## What is expected
Line by line, repeat the material below exactly and leave the images out.

## Data shown
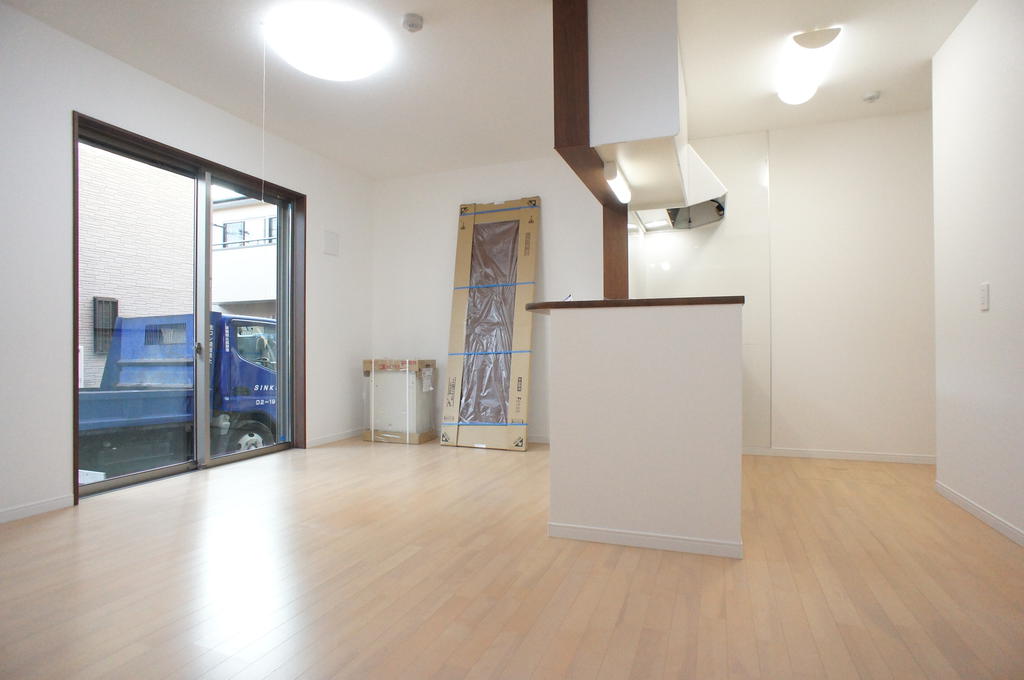 コンビニ　スリーエフ栄飯島店（コンビニ）まで440m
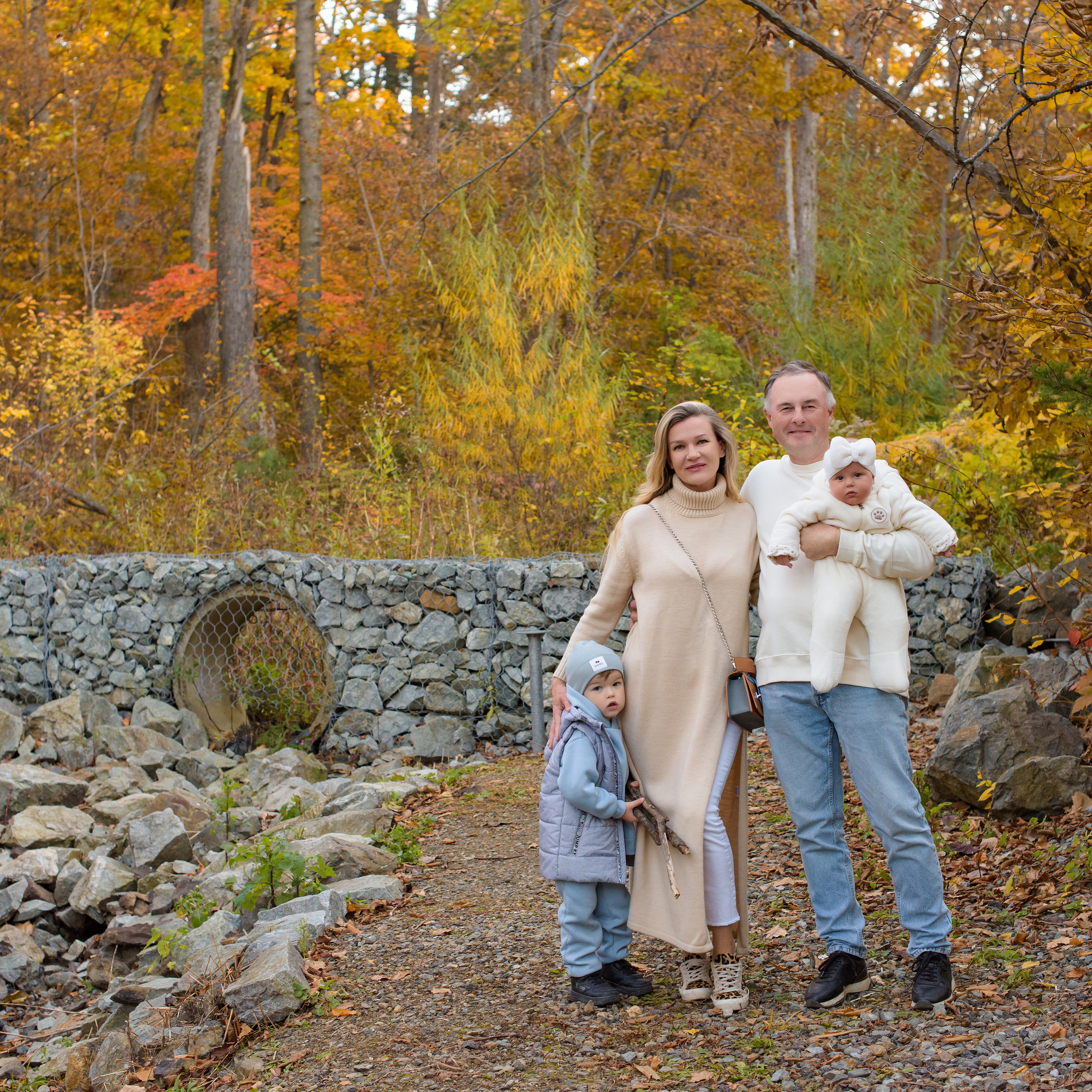 Аня, Женя, Тема и Маша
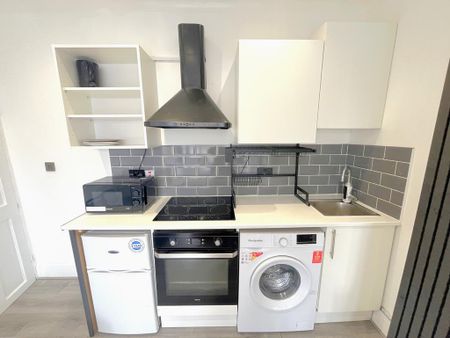 2 bedroom flat to rent - Photo 2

## Expected output
 コンビニ　スリーエフ栄飯島店（コンビニ）まで440m
 Аня, Женя, Тема и Маша
 2 bedroom flat to rent - Photo 2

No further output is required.